El limpiador de pocetas

Por: Gianni Mastrangioli. Historiador. UCV

 

Esta foto la tomé la primera vez que me designaron “limpiador oficial de pocetas” del restaurante que más tarde, irónicamente, dirigí como jefe. Se la envié a mi mamá por un mensaje de WhatsApp, diciéndole “mira qué giros da la vida; hace cuatro meses era coordinador de cátedra en una universidad pública en Venezuela y ahora estoy dialogando solo, dentro de un baño que huele a mierda”.

Al paso de cinco minutos, me llegó su respuesta: Figuras de caritas en lágrimas. Nada más. Esperé. Nada. Las circunstancias nos habían dejado mudos a ambos, por lo que apagué el teléfono y comencé a restregar. Jabón. Cloro. Pastillas desinfectantes. Agua caliente. Restregar. Así fue durante meses. Restriega, Gianni, hasta que quede bien prolijo, reluciente. Lo hacía con fuerza, recuerdo, como si la presión y rapidez de movimientos desahogara una especie de rencor interior; rabia por un país que, aparte de haberme echado al extranjero, sustituyó mis bolígrafos de estudios por materiales de conserjería.
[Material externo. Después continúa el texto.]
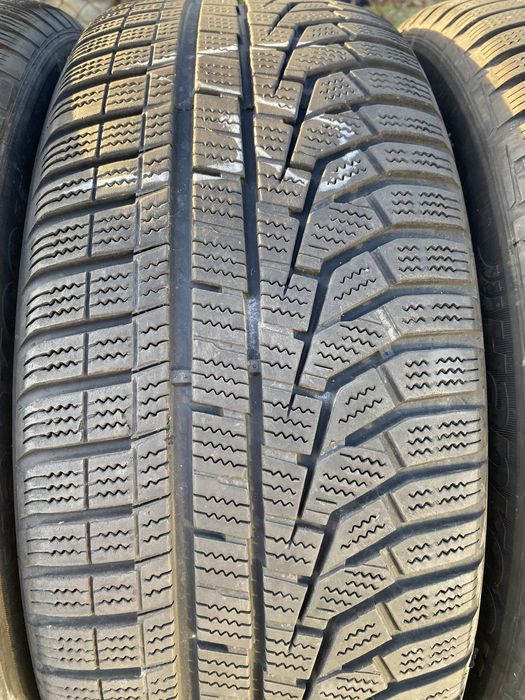 215/55/17 Ханкок Зимни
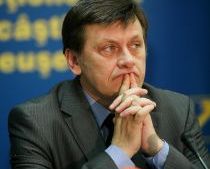 Crin Antonescu demisioneaza din functia de vicepresedinte al Senatului
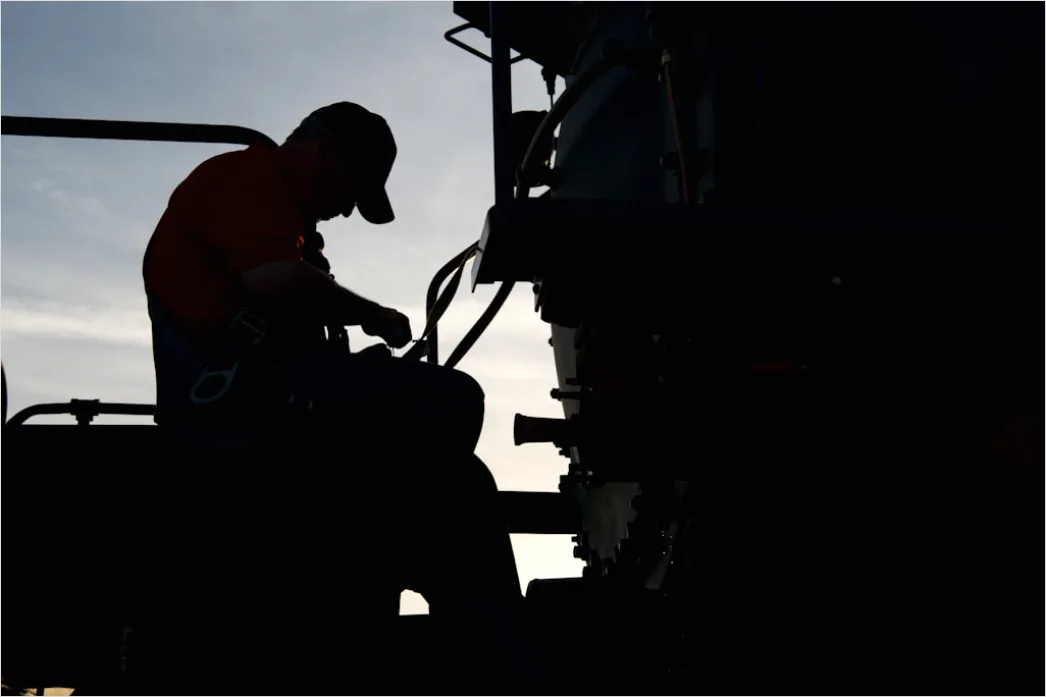 Detail Oil Field Workers Drilling Rig Operation Closeup Number 13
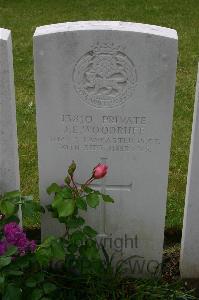 Lillers Communal Cemetery - Woodruff, J E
Nadie podía verme con los guantes puestos. No quería que descubriesen que era yo quien resolvía los desastres intestinales. Aunque hubo un viernes donde cambié de perspectiva. Sí, esa ocasión donde, por cuestiones de impulso, me coloqué los audífonos y sintonicé una de las tantas emisoras nacionales venezolanas. La Éxitos FM 99.9 reproducía “el rato de la música tradicional”. Entonces le metí mecha al volumen y pata al canto. Gualberto Ibarreto. María Teresa Chacín. Alfredo Sadel. El Pollo Brito. Simón Díaz. Era Mercedes bañándose en el río al compás de mis trapos en remojo. Y el caimán casi por comérsela tras el detergente regado en el drenaje de los lavamanos.

Era Soledad Bravo con sus ojos negros a través de los espejos, como el cantío de inmensas aves, mientras yo pulía y pulía con hojas de periódicos pasados. Pero me vibró el bolsillo y, al sacar el celular, miré la hora de repente. Medianoche. Mierda. Cuántas horas de placer transcurridas en la inconsciencia del trabajo odiado.

Jamás olvidaré ese viernes del que les hablo, donde logré romper con el desfase entre el “aquí” y el “ahora”. Incluso, no fue sino en el rutinario diálogo con las aguas negras donde realmente me reencontré con mis orígenes culturales, con la solidez de la identidad del inmigrante y mis aspiraciones personales. La historia se repetía cada tarde: Bajadas las persianas del negocio y subidas las sillas del comedor, me acompañaba, al cuarto de cerámicas blancas, la retumbante voz del Felipe Pirela y su Ese Bolero es Mío o la de la Adilia Castillo con sus clásicos de antaño. Escucha vida mía. Métele cepillo al desagüe. Tú sabes que mi alma todita es para ti, pensando que tus besos mi vida nunca tendría…

Lavando pocetas al son de las celebridades nacionales, de una época que ya fue y no será, aprendí que la patria dejada adquiere colores brillantes y se presenta idealizada, similar al deseo incumplido por regresar.

Fue en aquel baño donde me re-conocí como venezolano.

Al cabo de un tiempo, la directiva de la cadena me designó como encargado general del restaurante, gracias a la pulcra constancia de mi dedicación y honestidad. La mañana en la que me entregaron las llaves, el tipo de Flux me dijo con una sonrisa y un apretón de manos

– Ya me habían dicho que la gente de tu país mira siempre bien en alto.

No, señor presidente, el oficio no denigra; por lo contrario, nos fortifica en valores y creencias. Al momento pulimos pocetas, pero mañana lustraremos conciencias.